"""

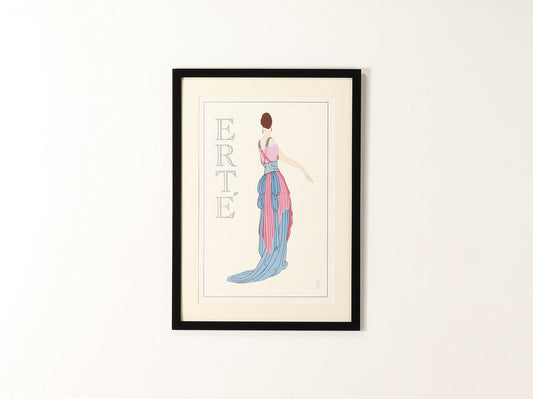 エルテ Bendel ポスター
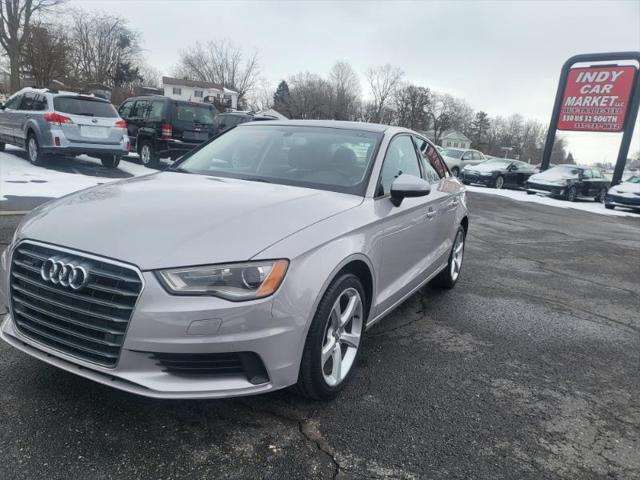 used 2015 Audi A3 car, priced at $7,995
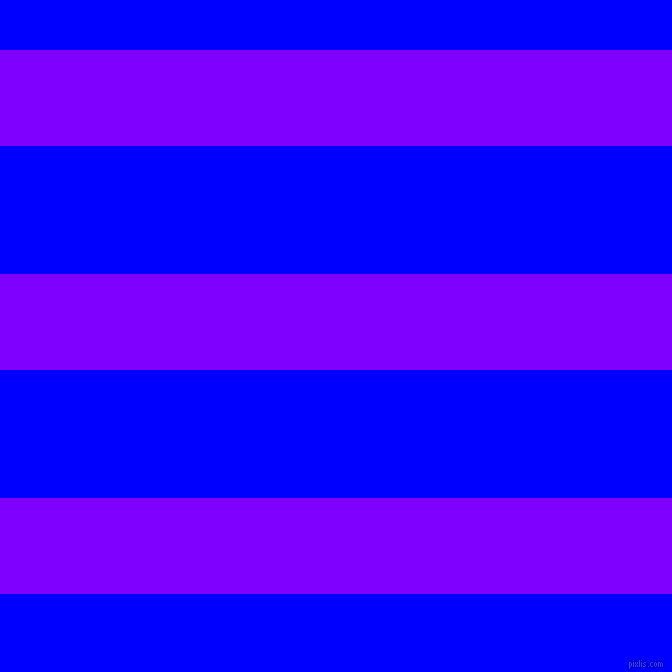 horizontal lines stripes, 96 pixel line width, 128 pixel line spacing, Electric Indigo and Blue horizontal lines and stripes seamless tileable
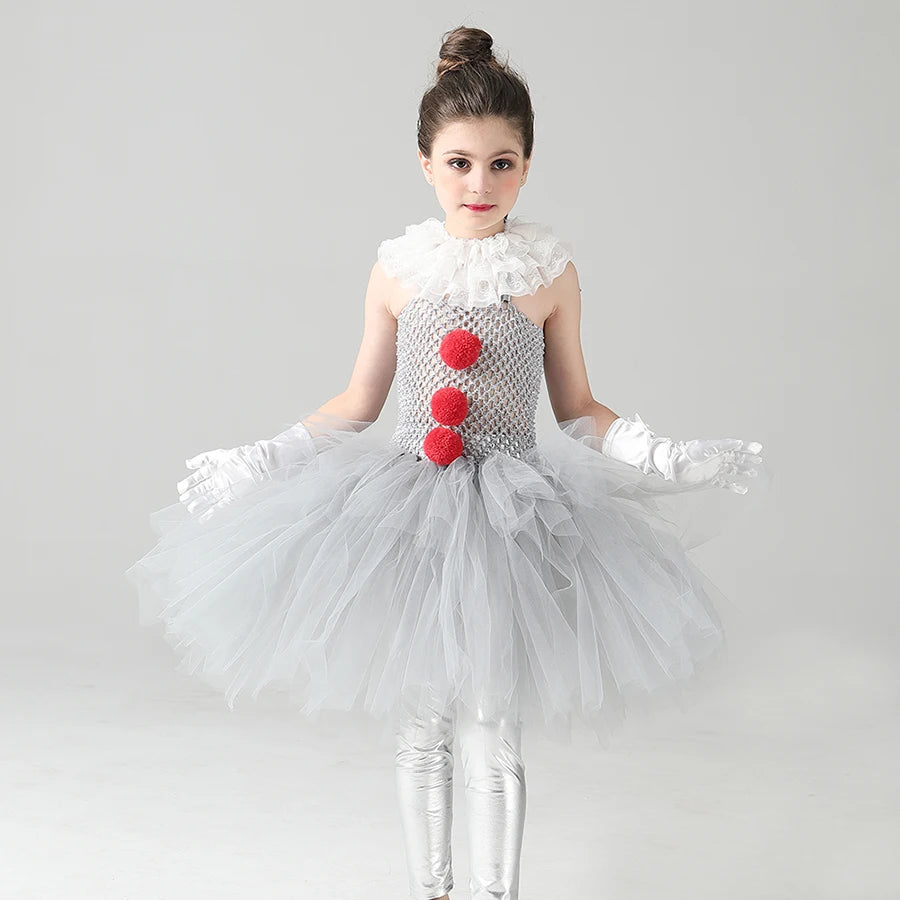 Fantasia Infantil Feminina It a Coisa Halloween
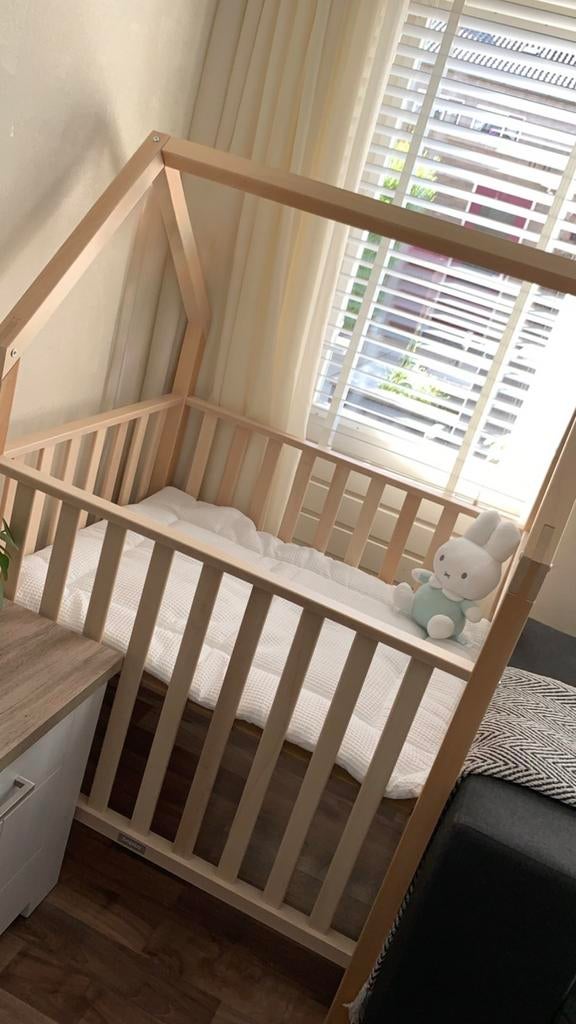 Bopita Home Box, Kinderen en Baby's, Boxen, Ophalen of Verzenden, Zo goed als nieuw, Rechthoekig, In hoogte verstelbaar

"""

Copy exactly, and only, the lines from the first line of the material through the line that contains "Fantasia Infantil Feminina", both ends kept; no pictures.

 エルテ Bendel ポスター
 used 2015 Audi A3 car, priced at $7,995
 horizontal lines stripes, 96 pixel line width, 128 pixel line spacing, Electric Indigo and Blue horizontal lines and stripes seamless tileable
 Fantasia Infantil Feminina It a Coisa Halloween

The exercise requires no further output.